Assigned task
An exact copy of the lines, starting at the top of the listing and ending with the line that has "Urlovex1 online show", is the required answer. Pictures are not part of it.

Data excerpts
□ □ □ □ □
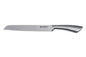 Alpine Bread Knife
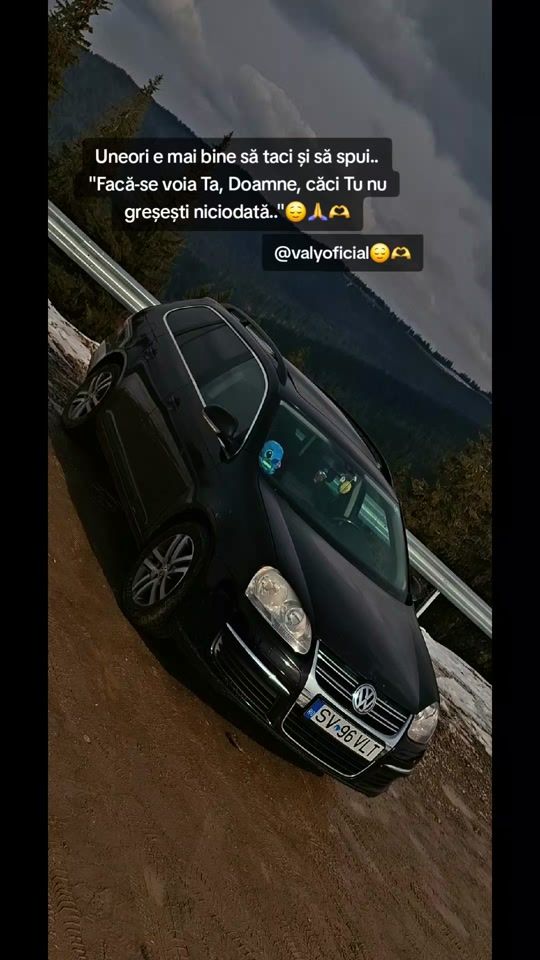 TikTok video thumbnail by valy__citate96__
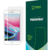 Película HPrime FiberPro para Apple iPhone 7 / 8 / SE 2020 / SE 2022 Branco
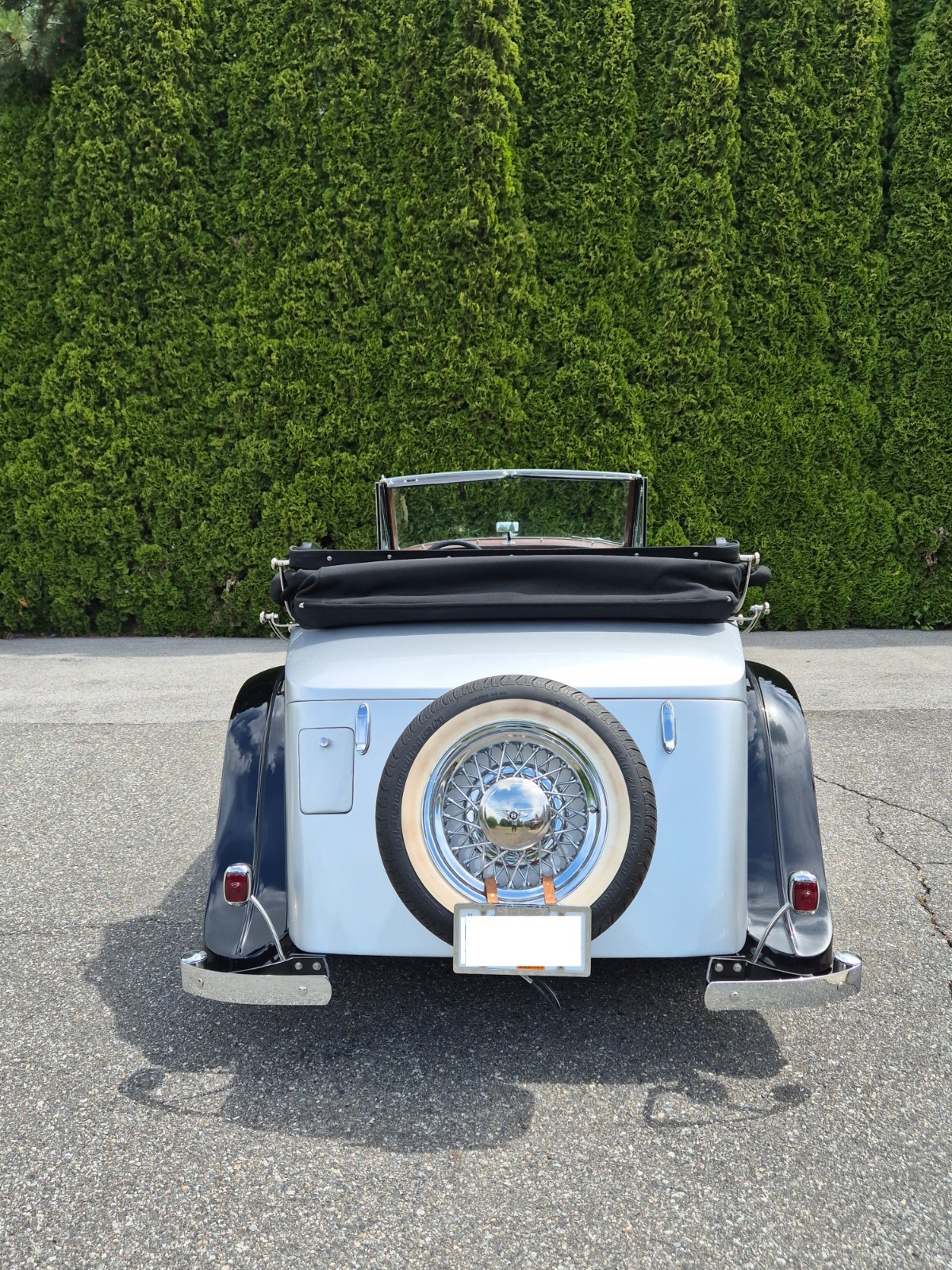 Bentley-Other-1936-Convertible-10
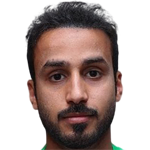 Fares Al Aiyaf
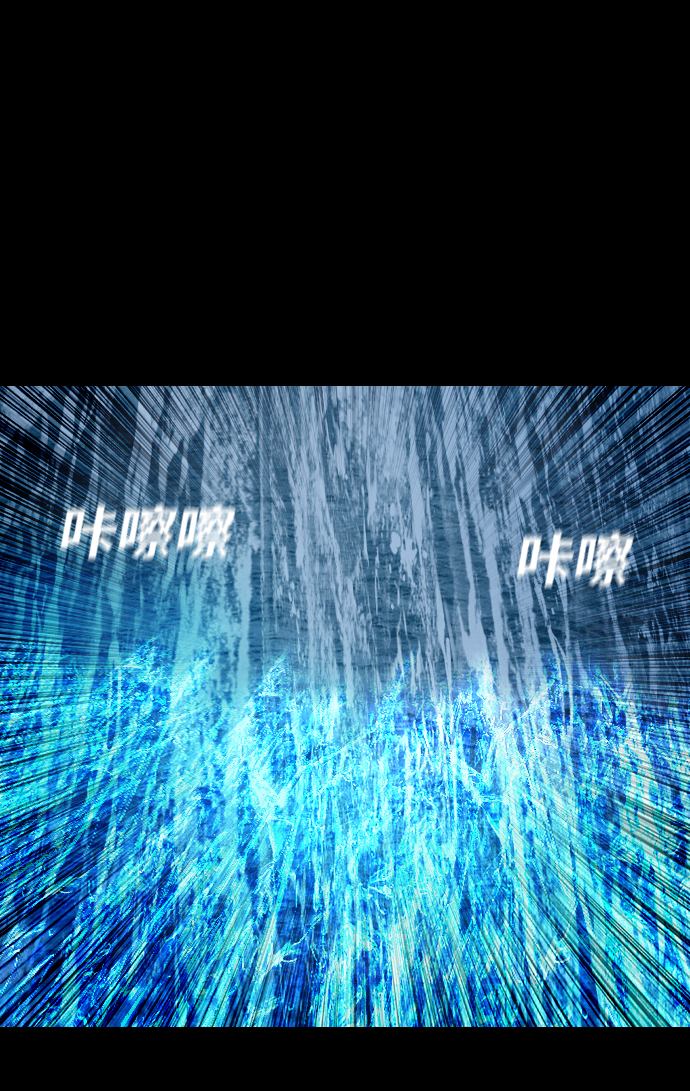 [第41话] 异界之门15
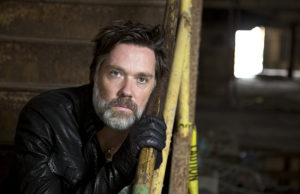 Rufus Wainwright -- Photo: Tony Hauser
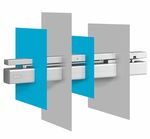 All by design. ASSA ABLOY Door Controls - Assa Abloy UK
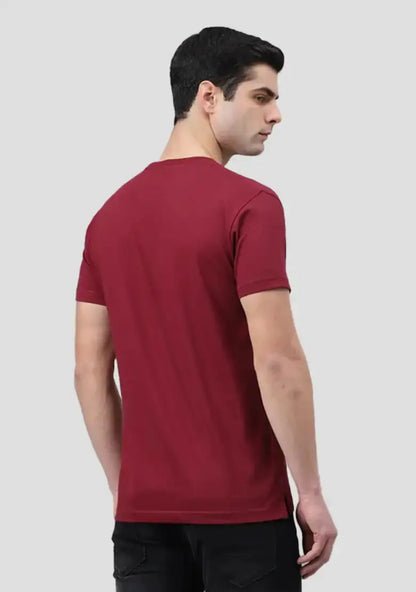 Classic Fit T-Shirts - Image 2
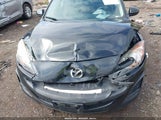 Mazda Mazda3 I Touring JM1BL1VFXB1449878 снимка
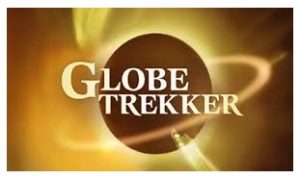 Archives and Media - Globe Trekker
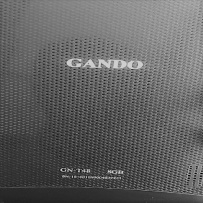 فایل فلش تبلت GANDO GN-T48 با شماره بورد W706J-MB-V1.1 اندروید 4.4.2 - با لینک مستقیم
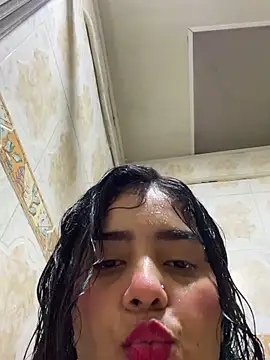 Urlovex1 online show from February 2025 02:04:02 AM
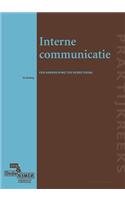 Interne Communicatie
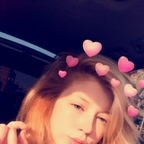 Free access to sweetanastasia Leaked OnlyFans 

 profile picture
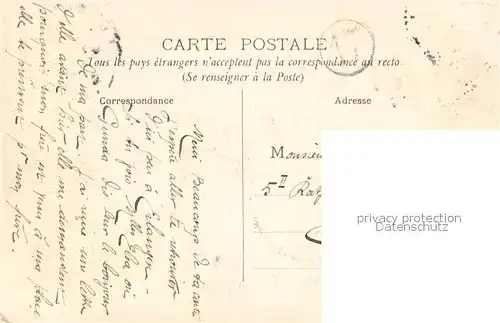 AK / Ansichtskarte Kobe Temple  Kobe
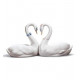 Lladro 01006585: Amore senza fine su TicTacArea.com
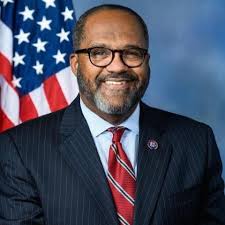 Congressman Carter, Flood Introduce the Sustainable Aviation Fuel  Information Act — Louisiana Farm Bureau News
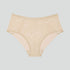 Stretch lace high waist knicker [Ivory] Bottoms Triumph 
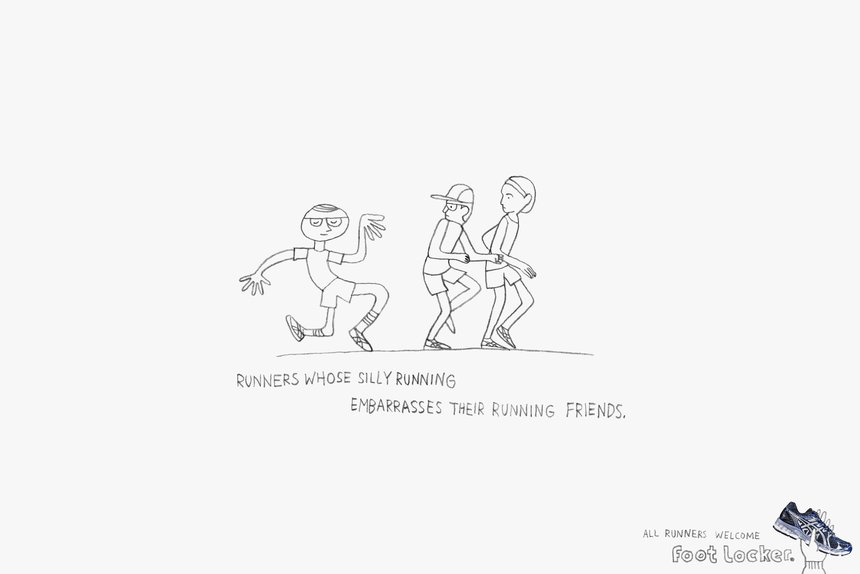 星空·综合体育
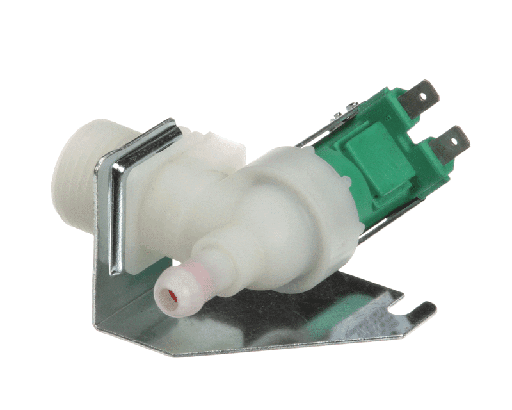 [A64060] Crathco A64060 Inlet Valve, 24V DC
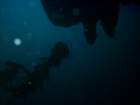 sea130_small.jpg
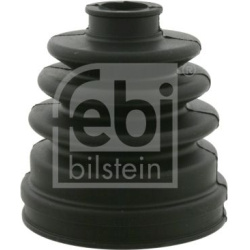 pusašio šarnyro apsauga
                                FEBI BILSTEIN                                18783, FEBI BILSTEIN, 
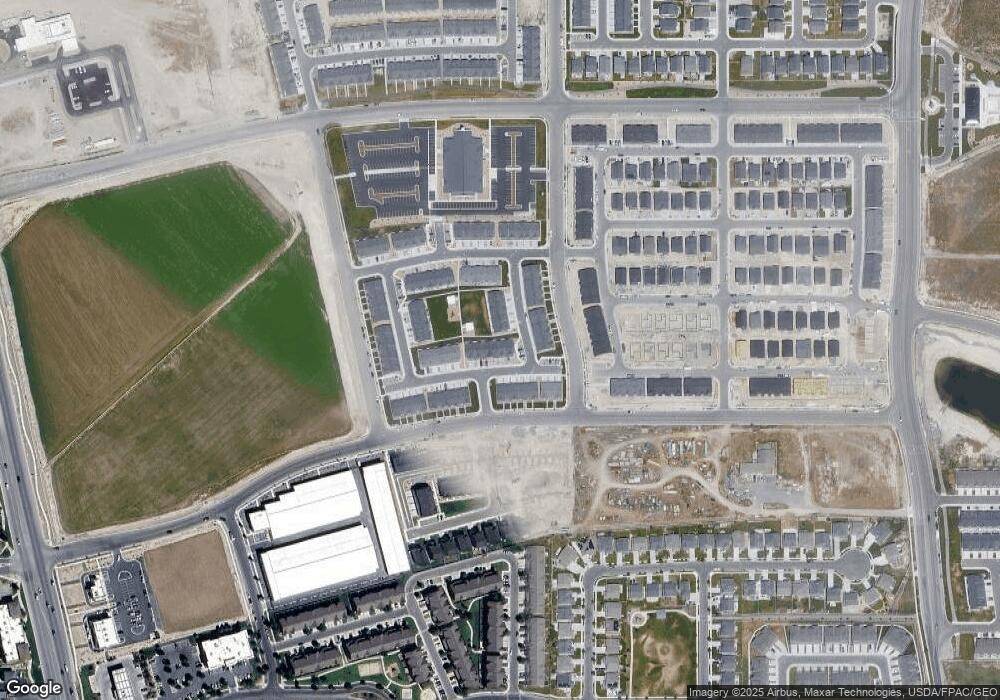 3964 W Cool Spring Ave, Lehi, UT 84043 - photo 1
□ □ □ □ □
Solution for this task
 Alpine Bread Knife
 TikTok video thumbnail by valy__citate96__
 Película HPrime FiberPro para Apple iPhone 7 / 8 / SE 2020 / SE 2022 Branco
 Bentley-Other-1936-Convertible-10
 Fares Al Aiyaf
 [第41话] 异界之门15
 Rufus Wainwright -- Photo: Tony Hauser
 All by design. ASSA ABLOY Door Controls - Assa Abloy UK
 Classic Fit T-Shirts - Image 2
 Mazda Mazda3 I Touring JM1BL1VFXB1449878 снимка
 Archives and Media - Globe Trekker
 فایل فلش تبلت GANDO GN-T48 با شماره بورد W706J-MB-V1.1 اندروید 4.4.2 - با لینک مستقیم
 Urlovex1 online show from February 2025 02:04:02 AM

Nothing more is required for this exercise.